Red Bucket Farm is an urban farm on a quarter acre property in an average residential neighborhood. We are located in Wisconsin, USDA Zone 5. We focus on chickens, bees, orchard fruit, and raised garden beds for fruits and veggies. We hope to reduce our footprint on the planet by growing some of our food, reducing our use of fossil fuels, and gardening with sustainable practices. Thanks for visiting!

Tuesday, January 3, 2012

New Year Goals

I'm not one to make personal resolutions, but I have made a little list of projects and ideas to accomplish on Red Bucket Farm in 2012. In no particular order:

1. Plant fewer brussels sprouts and fertilize weekly with chicken poop tea. Last year's brussels sprouts grew big and leafy and took a huge amount of space, but produced almost nothing. I'll plant far fewer plants and try to take better care of them.
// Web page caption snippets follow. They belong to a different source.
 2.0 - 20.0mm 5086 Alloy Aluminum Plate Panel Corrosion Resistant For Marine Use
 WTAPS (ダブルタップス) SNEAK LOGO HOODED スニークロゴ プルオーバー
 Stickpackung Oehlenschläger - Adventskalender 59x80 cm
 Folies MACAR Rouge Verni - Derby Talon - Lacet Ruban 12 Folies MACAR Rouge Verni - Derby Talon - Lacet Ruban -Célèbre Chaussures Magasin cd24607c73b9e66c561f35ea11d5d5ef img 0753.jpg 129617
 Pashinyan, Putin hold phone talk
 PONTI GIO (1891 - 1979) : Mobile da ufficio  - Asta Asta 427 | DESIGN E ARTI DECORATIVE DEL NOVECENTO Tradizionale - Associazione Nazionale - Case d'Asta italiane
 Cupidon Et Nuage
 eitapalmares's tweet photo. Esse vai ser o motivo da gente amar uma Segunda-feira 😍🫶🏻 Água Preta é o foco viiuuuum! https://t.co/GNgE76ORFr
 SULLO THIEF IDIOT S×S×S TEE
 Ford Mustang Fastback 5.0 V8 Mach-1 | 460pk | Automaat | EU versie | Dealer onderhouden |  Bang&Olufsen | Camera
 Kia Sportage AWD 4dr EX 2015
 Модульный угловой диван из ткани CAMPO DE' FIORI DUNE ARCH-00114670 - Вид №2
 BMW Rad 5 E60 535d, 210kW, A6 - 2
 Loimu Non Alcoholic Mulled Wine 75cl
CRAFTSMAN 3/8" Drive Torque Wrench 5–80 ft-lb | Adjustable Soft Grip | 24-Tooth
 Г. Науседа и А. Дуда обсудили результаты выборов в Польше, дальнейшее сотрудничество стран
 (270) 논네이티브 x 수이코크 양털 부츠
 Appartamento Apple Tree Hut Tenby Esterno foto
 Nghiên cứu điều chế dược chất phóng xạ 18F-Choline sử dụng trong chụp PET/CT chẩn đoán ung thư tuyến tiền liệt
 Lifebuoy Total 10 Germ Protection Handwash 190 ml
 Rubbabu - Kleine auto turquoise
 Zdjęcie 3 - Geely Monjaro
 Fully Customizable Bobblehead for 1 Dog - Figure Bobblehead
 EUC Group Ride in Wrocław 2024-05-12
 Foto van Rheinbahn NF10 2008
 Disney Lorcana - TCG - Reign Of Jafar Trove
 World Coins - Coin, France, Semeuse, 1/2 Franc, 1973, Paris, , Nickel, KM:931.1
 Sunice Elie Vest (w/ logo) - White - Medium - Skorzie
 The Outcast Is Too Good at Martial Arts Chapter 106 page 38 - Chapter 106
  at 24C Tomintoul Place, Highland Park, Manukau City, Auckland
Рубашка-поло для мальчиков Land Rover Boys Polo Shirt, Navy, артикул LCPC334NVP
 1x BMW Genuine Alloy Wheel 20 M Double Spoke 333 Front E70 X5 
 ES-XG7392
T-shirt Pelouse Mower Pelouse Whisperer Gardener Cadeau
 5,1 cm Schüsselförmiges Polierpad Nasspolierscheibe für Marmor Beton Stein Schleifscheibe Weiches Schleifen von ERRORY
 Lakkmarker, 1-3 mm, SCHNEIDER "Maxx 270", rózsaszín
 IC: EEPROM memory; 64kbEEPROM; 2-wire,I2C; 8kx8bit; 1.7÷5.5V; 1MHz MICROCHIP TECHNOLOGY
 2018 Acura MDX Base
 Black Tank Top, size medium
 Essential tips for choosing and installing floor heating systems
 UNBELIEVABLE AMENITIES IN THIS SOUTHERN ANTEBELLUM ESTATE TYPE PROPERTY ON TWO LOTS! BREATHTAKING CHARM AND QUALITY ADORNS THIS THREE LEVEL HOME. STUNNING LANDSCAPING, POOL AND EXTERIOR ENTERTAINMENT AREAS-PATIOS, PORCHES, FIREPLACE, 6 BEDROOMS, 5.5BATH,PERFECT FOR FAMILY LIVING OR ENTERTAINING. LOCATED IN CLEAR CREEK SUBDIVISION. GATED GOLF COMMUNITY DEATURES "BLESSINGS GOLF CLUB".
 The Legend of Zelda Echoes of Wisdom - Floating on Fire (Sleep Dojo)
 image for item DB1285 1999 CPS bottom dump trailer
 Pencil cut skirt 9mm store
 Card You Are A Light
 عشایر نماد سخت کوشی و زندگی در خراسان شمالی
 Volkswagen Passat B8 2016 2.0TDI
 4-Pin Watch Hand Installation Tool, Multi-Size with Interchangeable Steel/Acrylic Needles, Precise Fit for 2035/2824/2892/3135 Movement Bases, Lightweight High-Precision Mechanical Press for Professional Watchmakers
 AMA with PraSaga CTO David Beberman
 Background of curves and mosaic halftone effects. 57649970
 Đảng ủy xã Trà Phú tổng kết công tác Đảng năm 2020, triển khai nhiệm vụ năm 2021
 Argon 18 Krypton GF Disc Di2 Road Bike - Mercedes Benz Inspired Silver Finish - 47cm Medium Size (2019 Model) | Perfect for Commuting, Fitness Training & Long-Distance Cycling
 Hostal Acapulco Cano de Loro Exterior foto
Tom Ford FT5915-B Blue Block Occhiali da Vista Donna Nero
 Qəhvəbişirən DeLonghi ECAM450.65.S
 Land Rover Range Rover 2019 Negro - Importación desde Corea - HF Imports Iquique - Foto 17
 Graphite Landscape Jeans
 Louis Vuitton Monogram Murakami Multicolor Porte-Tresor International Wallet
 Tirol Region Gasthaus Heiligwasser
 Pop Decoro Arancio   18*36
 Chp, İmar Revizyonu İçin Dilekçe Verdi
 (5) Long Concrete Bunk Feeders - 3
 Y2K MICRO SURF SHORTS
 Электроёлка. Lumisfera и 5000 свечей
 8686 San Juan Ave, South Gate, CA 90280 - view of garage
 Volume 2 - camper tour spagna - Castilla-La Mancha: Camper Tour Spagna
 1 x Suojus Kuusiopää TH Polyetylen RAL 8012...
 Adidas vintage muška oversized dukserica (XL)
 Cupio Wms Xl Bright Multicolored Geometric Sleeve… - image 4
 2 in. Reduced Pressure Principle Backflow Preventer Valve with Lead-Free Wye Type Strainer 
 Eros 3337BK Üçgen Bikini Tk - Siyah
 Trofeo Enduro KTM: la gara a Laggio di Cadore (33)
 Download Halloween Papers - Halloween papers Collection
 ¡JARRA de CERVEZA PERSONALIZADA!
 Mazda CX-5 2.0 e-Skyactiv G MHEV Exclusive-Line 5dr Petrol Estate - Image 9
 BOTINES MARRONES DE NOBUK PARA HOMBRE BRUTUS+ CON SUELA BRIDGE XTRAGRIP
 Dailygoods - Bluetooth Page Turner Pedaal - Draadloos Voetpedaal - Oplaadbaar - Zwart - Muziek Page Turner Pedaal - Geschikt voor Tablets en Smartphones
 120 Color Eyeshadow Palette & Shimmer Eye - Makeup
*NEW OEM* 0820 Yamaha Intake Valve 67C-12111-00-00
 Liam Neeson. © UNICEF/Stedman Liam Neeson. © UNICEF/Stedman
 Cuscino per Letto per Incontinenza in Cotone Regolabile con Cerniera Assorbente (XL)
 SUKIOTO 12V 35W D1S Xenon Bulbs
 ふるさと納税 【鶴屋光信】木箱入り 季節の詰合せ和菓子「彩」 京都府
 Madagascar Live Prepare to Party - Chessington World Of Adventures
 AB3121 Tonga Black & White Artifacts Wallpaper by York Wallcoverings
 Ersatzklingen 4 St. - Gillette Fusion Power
Remember that brussels sprouts are huge feeders.

2. Create a rain water storage system under the eaves (see photo above). Remove the raised bed and recycle the lumber for other projects. Since commercially available water barrels are trendy and pricey, this will take some creativity.

3. Build a raised bed between the clothesline and the blueberry terrace, approximately 12' x 3'.

4. Plant more currants on the south side of the house. Black currants, red currants, champagne currants?

5. Replant the former juniper hill with something perennial, fruitful, and winter hardy---perhaps blackberries. (same photo above)

6. Plant all available containers with herbs and vegetables. Remember that carrots and potatoes will work here as well as herbs, tomatoes and peppers. Empty containers are a waste. Place containers in sunny spaces, perhaps on the retaining wall or bee yard. Watch that the chipmunks don't destroy these crops.

7. Plant more root vegetables and/or storage crops such as squash and potatoes, perhaps in new raised bed. (Companion plant marigolds with potatoes for organic bug control.)

8. Built root pantry storage space in garage, insulated to stay just above freezing in the winter.

9. Plant much more parsley. Lot and lots. (Remember that tabbouleh uses two cups of minced parsley leaves.)

10. Plant hops on arbor (remove grape vines.) Research the right hops for beer making. Also, remember that hops are a good tonic for the chickens (flowers only!)

That's my list for now. All plans are subject to change without notice. Happy New Year!